# Which one would you recommend- Western, Fisher, Meyer or Pro-tech???



## melon (Mar 21, 2013)

Hi Users,

I'm new here and also new to snow and ice management, so don't know much about it either to be honest....but helping a friend to introduce one of the following brands into Far-East Asia

I would be grateful if you can make some suggestions (from your experience) which one you would recommend doing business with in general, in terms of their product quality and variety of snow management products available?

We've selected the following:
-Meyer Products
- Western Plows
- Fisher Plows
- Pro-tech

Oh and it's for commercial and municipal use.

I'll appreciate your helpThumbs Up

Thanks,

M


----------



## Lockdownd (Mar 1, 2013)

I don't have the experience that most of the guys have here but from my experience and all the research I've done, you can not go wrong with western and fisher. Cheers!


----------



## yardguy28 (Jan 23, 2012)

well I don't have some of the experience some of the guys do as well but I don't even see you listed what I would choose. 

I'm pretty partial to boss. they are extremely easy to remove and connect. and I have seen videos on how the others connect and disconnect but I've never actually used another. they aren't chain lift like most. if you have bumpy roads the blade bounces a lot less than a chain controlled one. 

that's my thought anyway. my buddy is the one who got me into boss blades. he did say western is good as well. so not actually knowing myself and trusting my buddy I'd go along with western if boss wasn't available.


----------



## scott3430 (Dec 28, 2010)

I like Hiniker and Boss plows. I have heard good things about Western too.


----------



## dieselss (Jan 3, 2008)

Western and or fisher but I would add what kinda dealer support and mechanical knowledge do you have


----------



## theplowmeister (Nov 14, 2006)

I know Boss and Fisher DEFIANTLY go with FISHER.


----------



## quigleysiding (Oct 3, 2009)

We all already voted on this the other day. I think we voted that a Fisher trip edge works the best .


----------



## Meezer (Apr 3, 2010)

I like Hiniker.


----------



## MSsnowplowing (Nov 1, 2012)

melon;1624979 said:


> Hi Users,
> 
> I'm new here and also new to snow and ice management, so don't know much about it either to be honest....but helping a friend to introduce one of the following brands into Far-East Asia
> 
> ...


Your talking about shipping a product overseas and selling it there.

Your best bet is to talk to each company and see what the best deal you can get on buying the plows, parts etc... that go with it.
You might also find out that some companys might not allow you to ship their products overseas.

You better weigh the costs before investing your money and make sure the product will do alright.

There are a lot of things to consider to sell a product overseas.

Just don't jump into it unless you have the money to throw at it in the hopes it will be successful down the road.

On a side note you better have your ducks in a row when doing business overseas for taxs, that is another ballgame.

good luck


----------



## 2006Sierra1500 (Dec 28, 2011)

A. Good luck with all those taxes.

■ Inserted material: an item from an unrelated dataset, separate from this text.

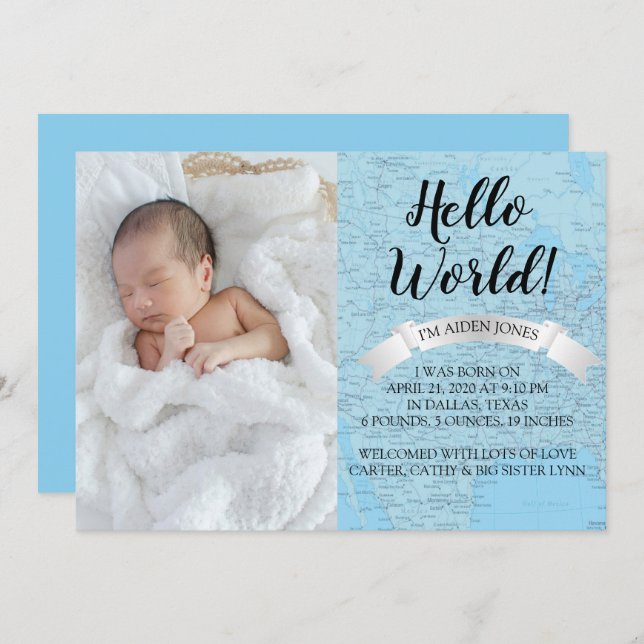 hello World Baby Blue World Map Birth Announcement (Front/Back)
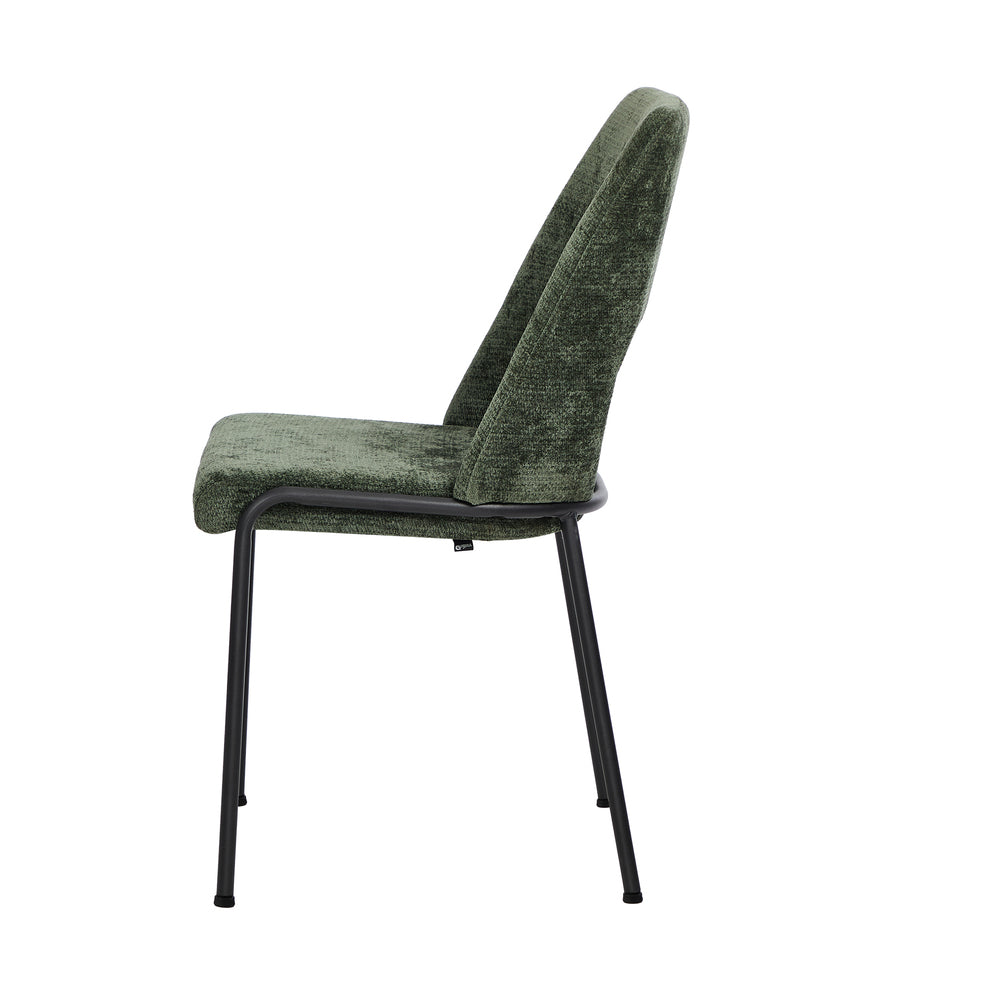 2x Dining Chairs Chenille Fabric Upholstered Kitchen Side Chairs Beige Green & Grey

Fisher, since their pusher is basically an old Pro-Tech, and they make decent plows that can stand up to abuse.


----------



## melon (Mar 21, 2013)

MSsnowplowing;1625549 said:


> Your talking about shipping a product overseas and selling it there.
> 
> Your best bet is to talk to each company and see what the best deal you can get on buying the plows, parts etc... that go with it.
> You might also find out that some companys might not allow you to ship their products overseas.
> ...


Thanks for your suggestions. Yep, we're in the research phase at the moment. Actually someone i know has established industrial/mechanical businesses in the far-east and is interested to create some sort of partnership with one of the companies....and to have them manufactured there as well. So it's a bit more complicated, but we're just doing some research for now to figure things out and we've contacted some of the companies.


----------



## melon (Mar 21, 2013)

Thanks for all your suggestions guys.... just interested to hear your personal choices and suggestions.
People in the far-east want good quality and sturdy equipment nowadays, since the ones manufactured by Chinese companies aren't so good, and also very limited. Those companies don't provide much services either.


----------



## DFLS (Dec 24, 2007)

yardguy28;1625063 said:


> well I don't have some of the experience some of the guys do as well but I don't even see you listed what I would choose.
> 
> I'm pretty partial to boss. they are extremely easy to remove and connect. and I have seen videos on how the others connect and disconnect but I've never actually used another. they aren't chain lift like most. if you have bumpy roads the blade bounces a lot less than a chain controlled one.
> 
> that's my thought anyway. my buddy is the one who got me into boss blades. he did say western is good as well. so not actually knowing myself and trusting my buddy I'd go along with western if boss wasn't available.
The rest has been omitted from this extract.